Lyon sets the stage from the very first moments with the song “The Shadow,” stating “The fear is creeping in… and it never goes away,” mentioning this fear for the first time on the album, but certainly not the last. Lyon subsequently mentions his fears on tracks like “Pushing Forward” which deals with anxiety from ingesting different substances, and most obviously the album’s namesake, “The Fear,” which describes how shadows and things moving at night have convinced the narrator of the existence of the supernatural. Lyon expresses all of his other emotions throughout the album as well, on tracks like “Fantasy” and “Want You Bad” that describe different convoluted affairs of love and lust and “South Dakota Cops” which is annoyed, angry and full of resentment for law enforcement as a whole.

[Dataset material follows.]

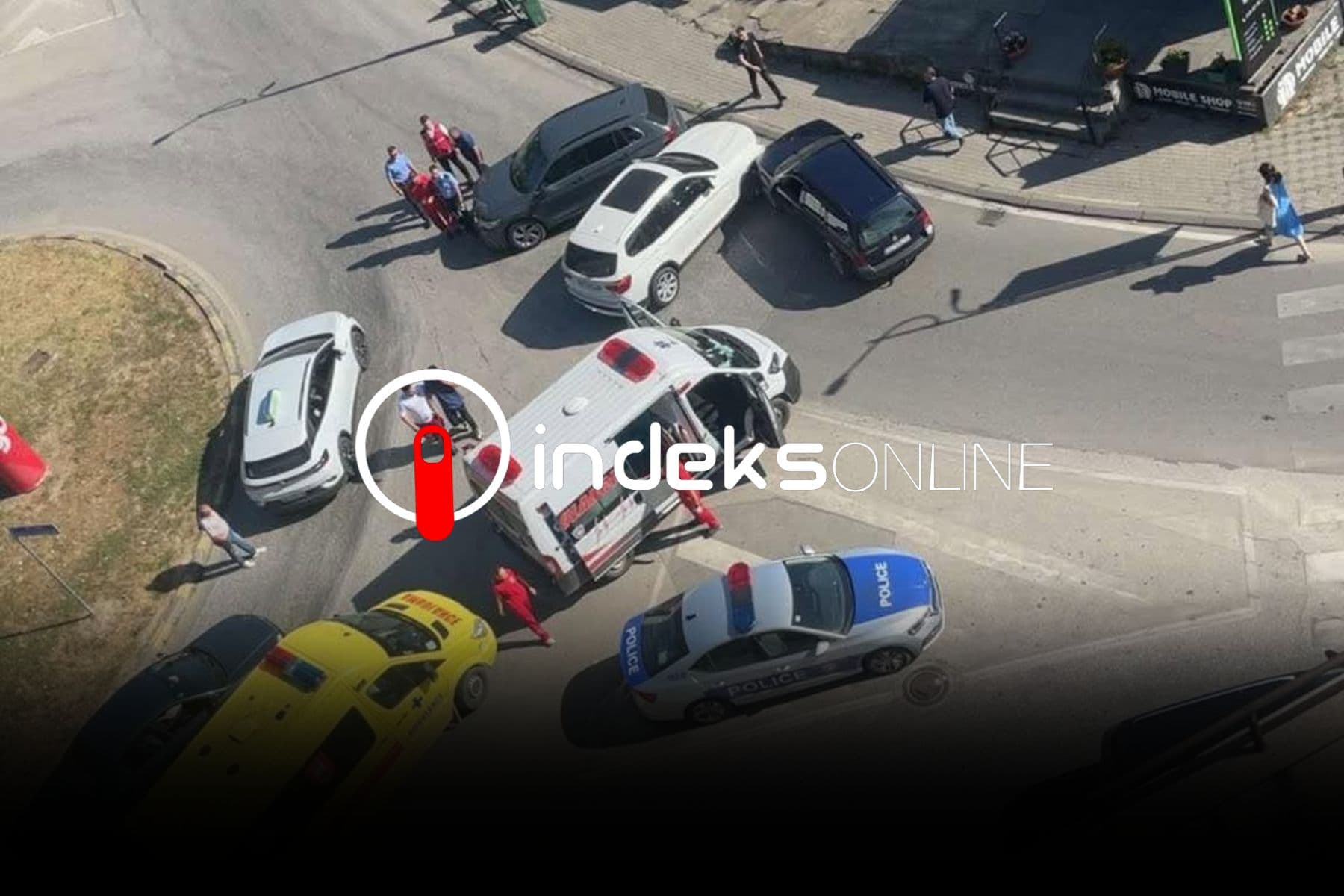 Featured image for Aksident mes tri veturave në Pejë, policia dhe autoambulanca në vendin e ngjarjes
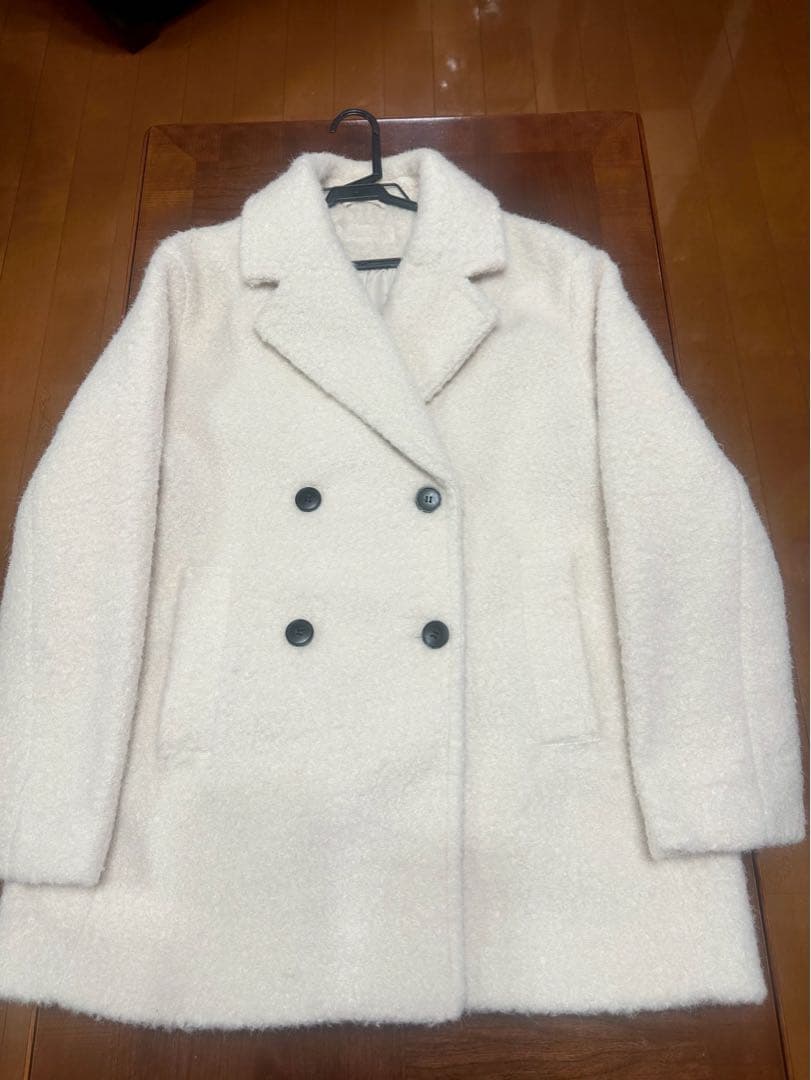 お値下げ！ZARA ブークレダブルブレストミディ丈コート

The emotions spread across the album’s 10 tracks is represented musically with as much rawness and as much energy as the emotions themselves. With very few exceptions, all of the vocals, guitars, bass and drums are bathed in overdrive and forge a sound that is hot and energetic, acting as a perfect reflection for Lyon’s lyrics. There are certainly moments that differentiate themselves from the immense overdrive, like the very relaxed outro of “Fantasy”, and then there are songs like “Guilt and Shame” that really lean into the overdriven sound to the point where the instruments sound like they’re trying to shout over one another to get the point across. In any other circumstance this could be seen as a mistake, but Lyon knows what he is doing and uses the feedback as an artistic tool.

The instrumentation on this record is very tasteful as well, with memorable riffs found in songs like “Western Violence” being played by the bass in the intro, and on “Want You Bad” with its Baba O’Riley-esque synth intro and sighing guitar riff. Another stand-out instrumental moment is the constant tremolo used on the guitar on the intro of “South Dakota Cops,” emulating the flutter of a police helicopter, echoing the song’s sentiment.